他の私鉄では阪急で9300系の投入が目立った1年だった。都合2編成が増備され、さらにもう1編成がスタンバイ済みとなっており、6300系を廃車に追い込んできている。さらに6300系は嵐山線への転属化改造が行われ6353F以下4連が第1陣として秋の嵐山でお披露目式を行っている。来春からの運用開始ということで長らく京阪間の第1線を走り続けてきた6300系もいよいよ第2の人生を歩むことになる。今後は老兵2300系の動向も気になるところで、6300系なきあとの阪急京都本線のダイヤの動向にも注目していきたいところだ。

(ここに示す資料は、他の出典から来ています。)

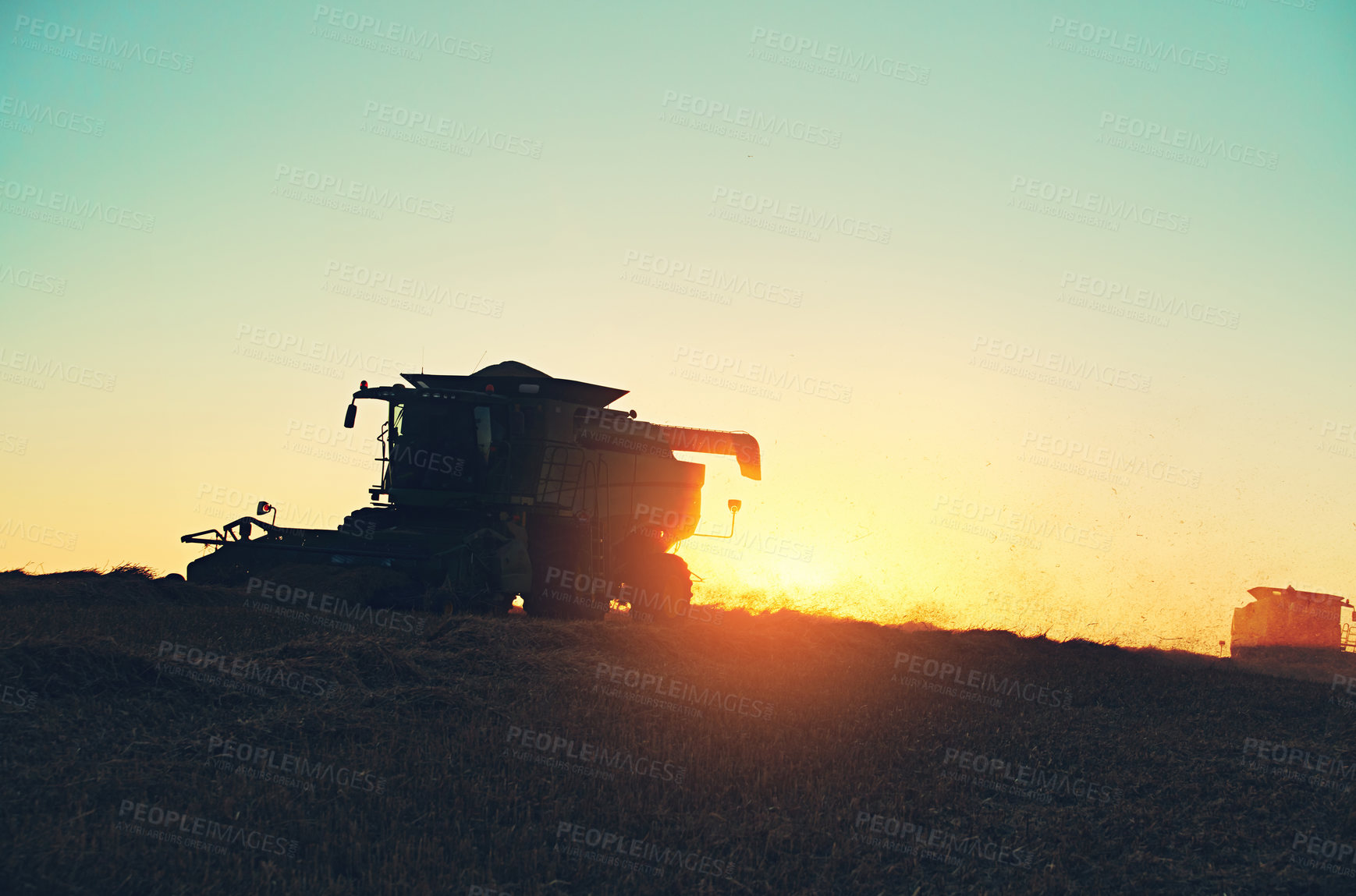 Buy stock photo Nature, sunset and combine harvester of field for environment, countryside and flare on horizon. Outdoor machine, morning and landscape of rural farm with agriculture, ecosystem and agribusiness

南海では2300系以来の新車として8000系が登場した。東急車輛製で、関東で流行りのE231系やE233系をベースにしたような車両ということで話題になった。車両の不具合でもあったのかなかなか動かなかったが、普通を中心に本線で運用されている。今後は大量増備とまではいかないものの老朽化してきており待ったなしの状態にもある7000系や6000系の置き換え用として増備されていくものと思われる。南海では秋に高野線で小規模なダイヤ改正を行っている。それ以外は特に大きな変化はなかった。
大手以外では三木鉄道が廃止されている。第3セクター鉄道の厳しさが伺えるが、同僚とも言える北条鉄道が残存しているのは心強い限りだ。三木鉄道はマイカーと神鉄との競合が厳しかったものと思われるが、北条鉄道は競合するのはマイカーのみだ。神鉄やJR加古川線と連携して北播磨地区の鉄道ネットワークを残して行って欲しいものだ。